To view how performant our labeling functions are, we can run sf.get_lf_summary
. This will return a Pandas DataFrame with evaluation metrics for each labeling function.
@labeling_function(name="employment_lf")
def lf_emp(x):
if "employment" in x.text:
return "employment"
return "UNKNOWN"
sf.add_code_lf(model_node_uid, lf_emp, label="employment")
@labeling_function(name="stock_lf")
def lf_stock(x):
if "STOCK PURCHASE AGREEMENT" in x.text:
return "stock"
return "UNKNOWN"
sf.add_code_lf(model_node_uid, lf_stock, label="stock")
@labeling_function(name="services_lf")
def lf_services(x):
import re
if re.search(r"This.{1,50}Service Agreement", x.text, re.IGNORECASE):
return "services"
return "UNKNOWN"
sf.add_code_lf(model_node_uid, lf_services, label="services")
@labeling_function(name="loan_lf")
def lf_loan(x):
import re
if re.search(r"loan agreement", x.text, re.IGNORECASE):
return "loan"
return "UNKNOWN"
sf.add_code_lf(model_node_uid, lf_loan, label="loan")
sf.get_lf_summary(model_node_uid)
Code LFs can incorporate external libraries, algorithms, external databases, and more – they are extremely flexible tools for programmatically labeling data. Snorkel users have used Code LFs to create rich embeddings-based labeling functions, built LFs on top of external deep learning models, and more.
Training a Model
Once we have our labeling functions, we can begin to create a training set and train a model. There are three parts to this process – we aggregate our LFs as an LF Package, use the Snorkel Flow label model to aggregate LF votes into a training set, and then train a machine learning classifier on this training set. After that, we will view model metrics to make sure our model is performing how we'd expect. We'll check out our metrics against a previously held-out validation split to see if we need to do any more tuning.

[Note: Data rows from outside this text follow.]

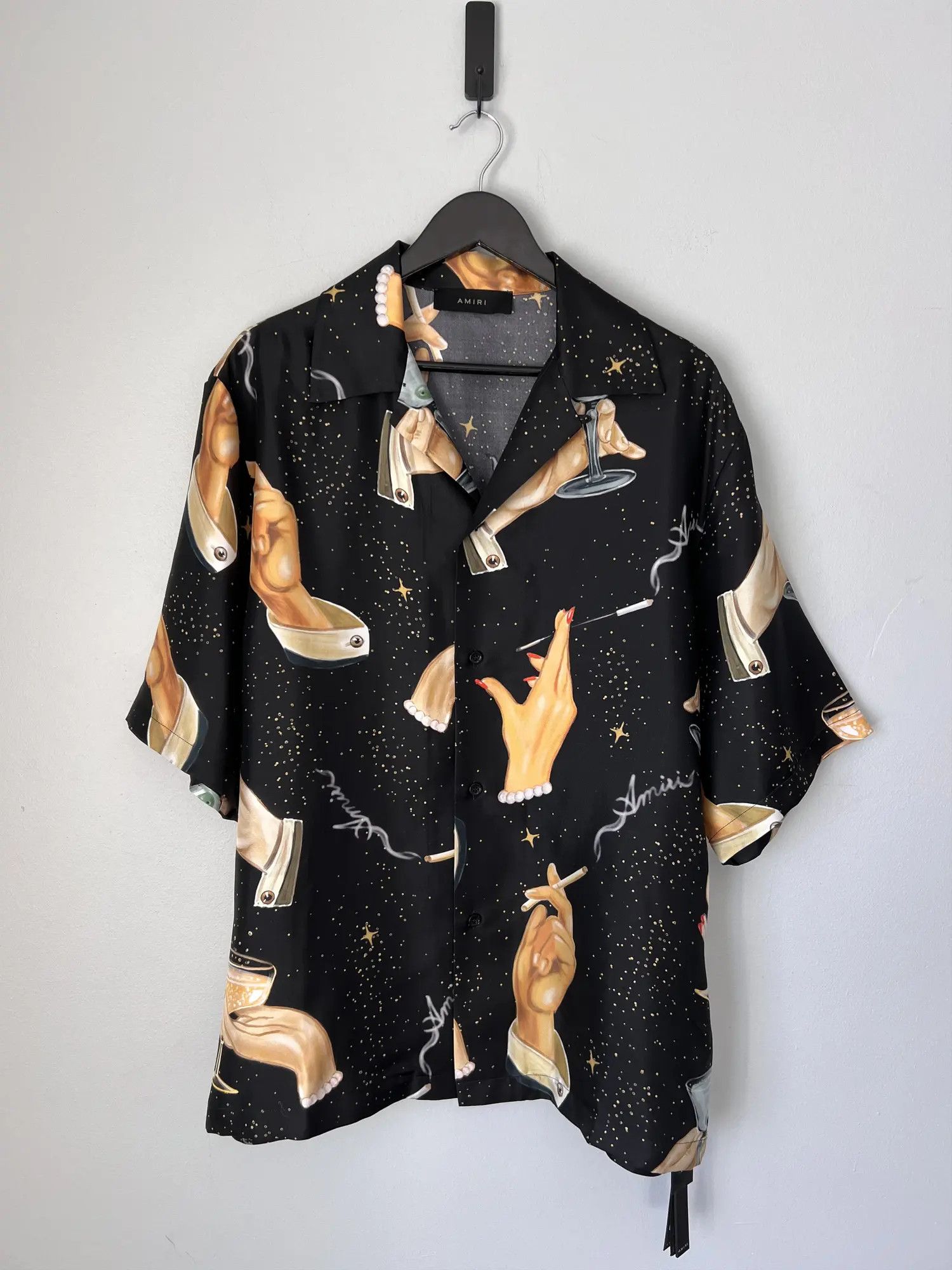Amiri o1w1db10325 Champagne Bowling Shirt in Multicolor Size US M / EU 48-50 / 2 - 1 Thumbnail
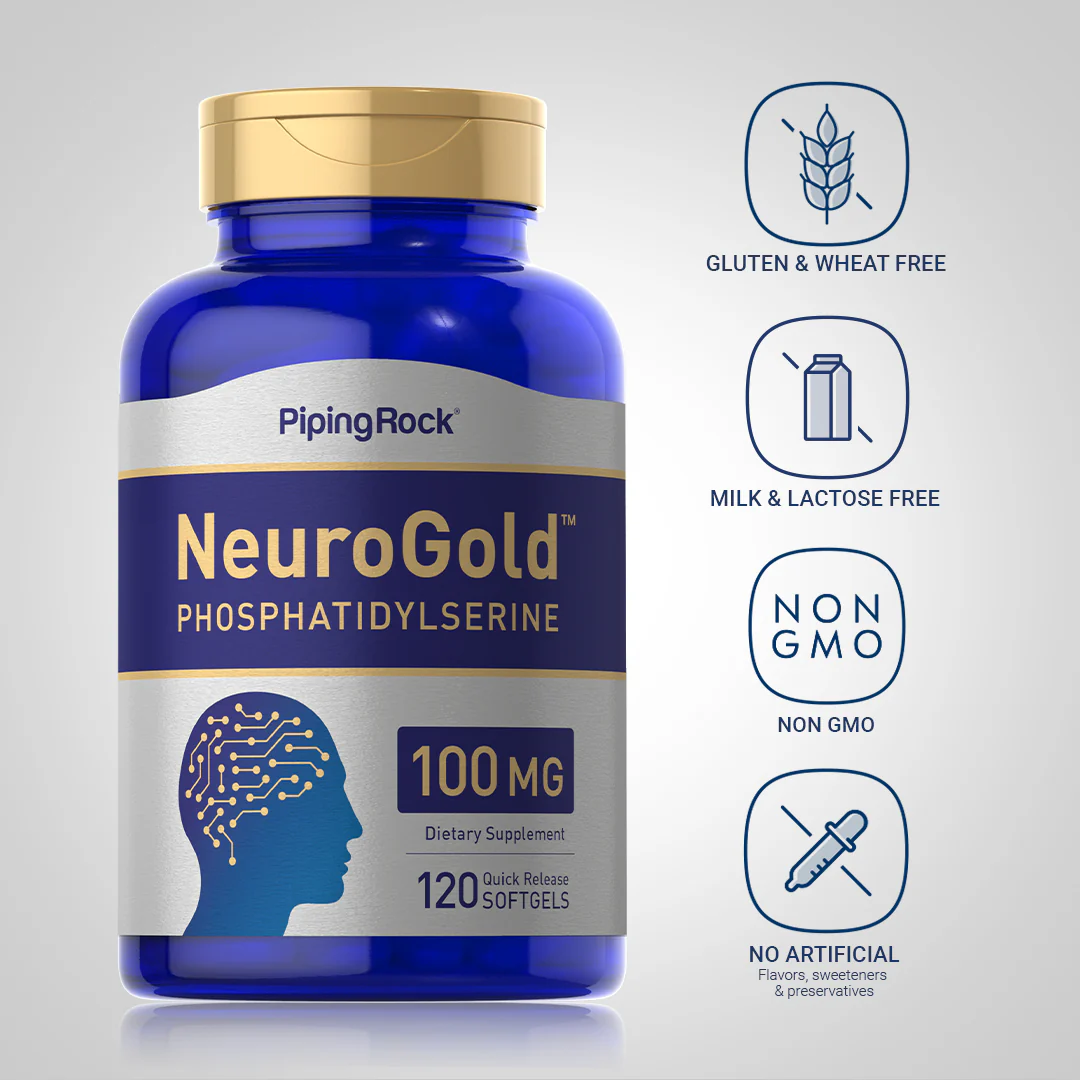 NeuroGold Phosphatidylserine, 100 mg, 120 Quick Release Softgels - Image 4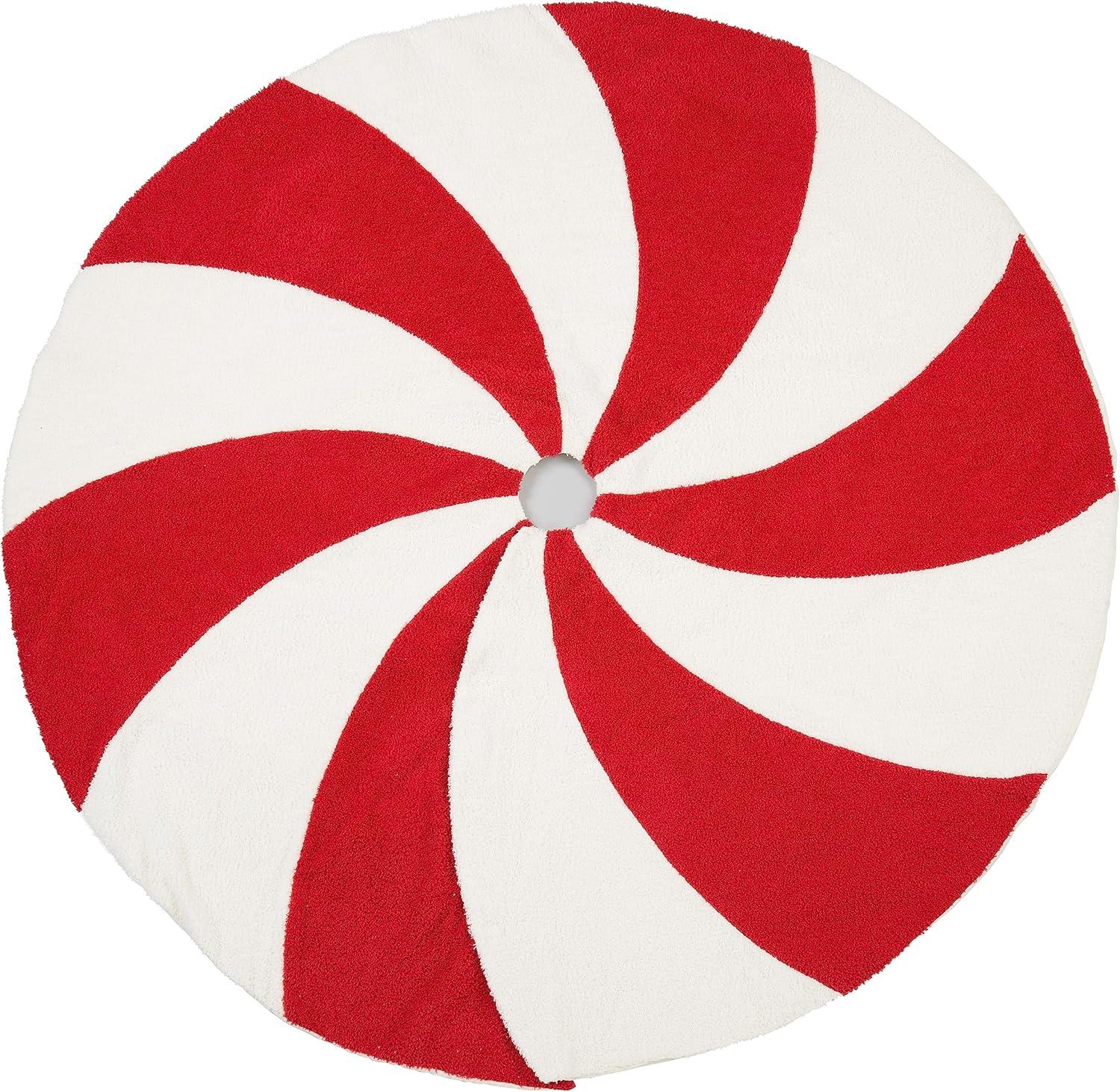 Saro Merry and Bright Candy Cane Tree Skirts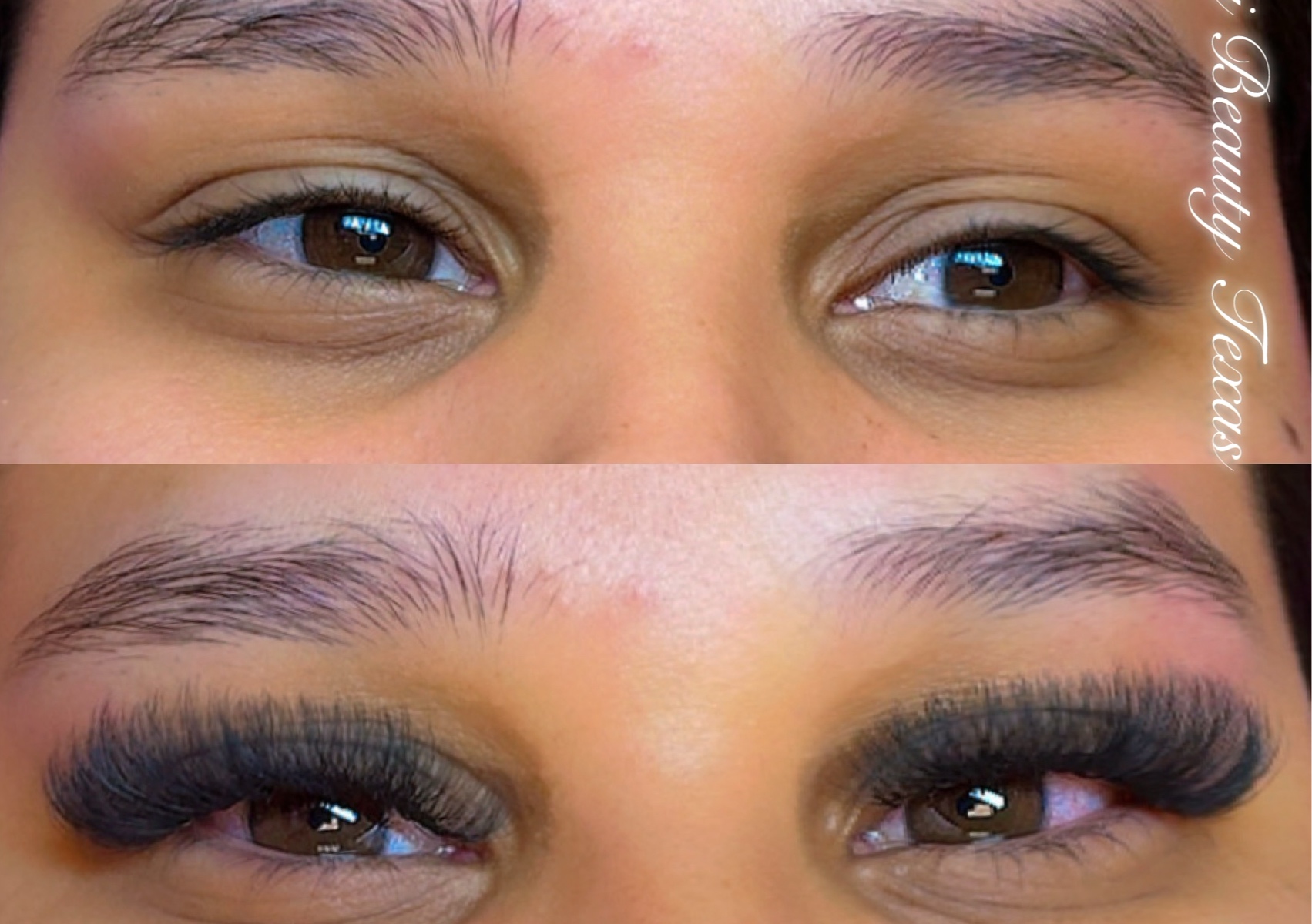 Pestañas Hibridas y Volumen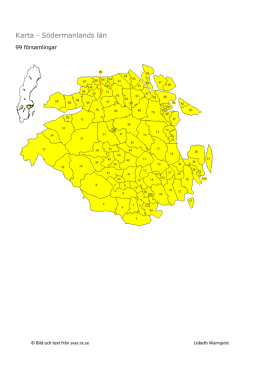 Karta - Södermanlands län
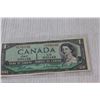 Image 2 : (2) 1954 Canadian $1.00 Bills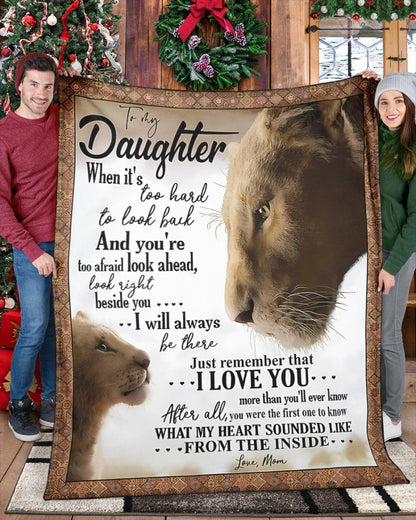 TO MY DAUGHTER - GIFT FOR DAUGHTER - Sherpa Fleece Quilt Blanket (SKUB08-20)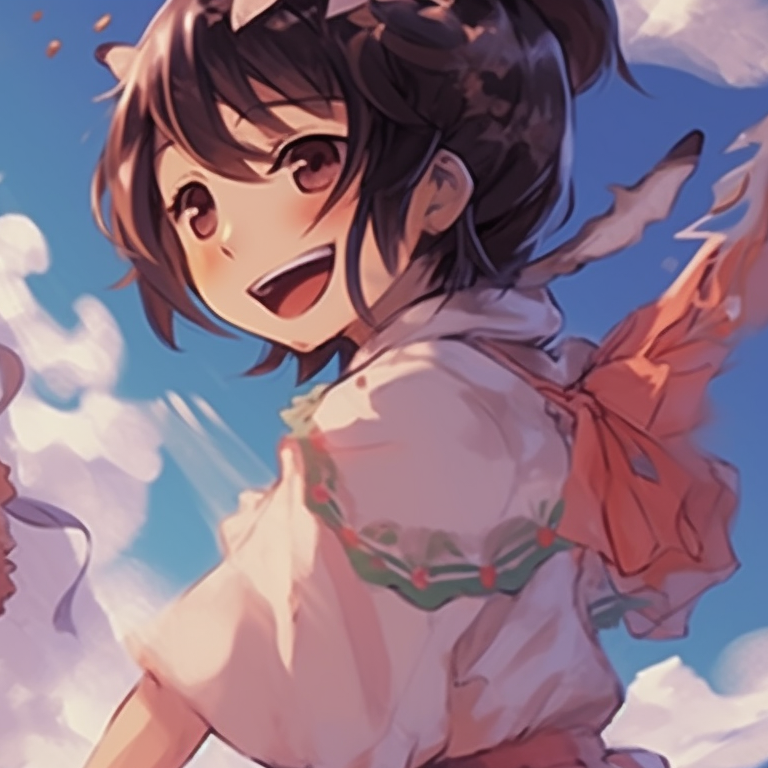 Two characters entwined in a dance, fluid movements, with muted watercolor tones. trending matching pfps for friends pfp for discord.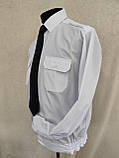 Формована сорочка біла з довгим рукавом, фото 5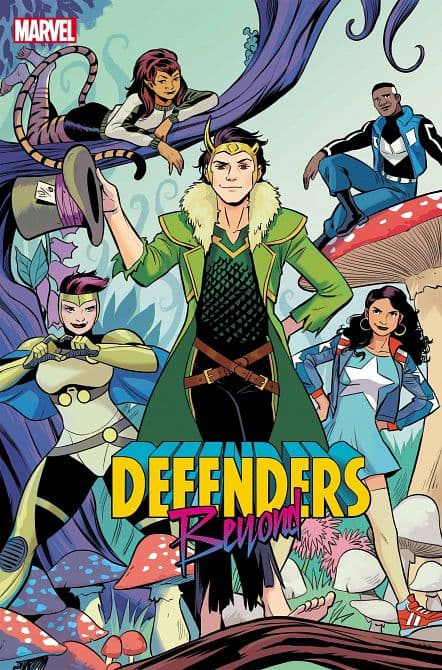Cover Art for DEFENDERS BEYOND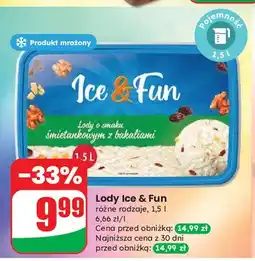 Dino Lody śmietankowe z bakaliami Koral Ice&Fun oferta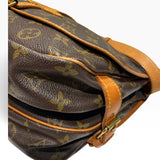 ルイ・ヴィトン LOUIS VUITTON ソミュール30 M42256 ブラウン モノグラムキャンバス レディース ショルダーバッグ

sf.package_lfs(model_node_uid)
sf.add_training_set(model_node_uid)
model_uid = sf.train_model(
model_node_uid,
feature_fields=["text"],
model_description="My first model",
model_config = SKLEARN_LOGISTIC_REGRESSION_CONFIG.dict()
)['model_uid']
sf.get_model_metrics(model_node_uid, model_uid, split="valid")
In a real-world setting, you would iterate on this process until you are satisfied with your model's performance. You can use Snorkel Flow's in-UI built-in error analysis tools to find slices of data that need more coverage or need more accurate labeling functions. You can also create your own custom error analysis tools, and use them to iterate on your LFs and improve your models!
Deployment
Once you are satisfied with your score, you can deploy your model as an MLFlow package to use it in your external data pipelines. In this example, we'll create an MLFlow deployment and then run our test dataset through it before downloading it for use elsewhere in our data pipeline.
sf.commit_model_to_node(model_node_uid, model_uid)
deployment = MLflowDeployment.create("contracts-clf", name="contracts-clf-deployment")
test_df = contracts_dataset.get_dataframe(split="test", max_rows=5)
results = deployment.execute(df=test_df)
# Examine the "results" DataFrame to make sure it looks good
deployment.download('./deployment-path/')
That's it! In this tutorial, we have uploaded a messy dataset, cleaned it up, ingested it into Snorkel, written labeling functions, viewed LF stats, created a programmatically labeled training set, trained a model, and deployed it for external use. This is just a snippet of what is possible with Snorkel Flow and the SDK. The SDK is a powerful tool for interacting with the core Snorkel workflow programmatically, and can extend and empower you to create more robust and flexible data pipelines.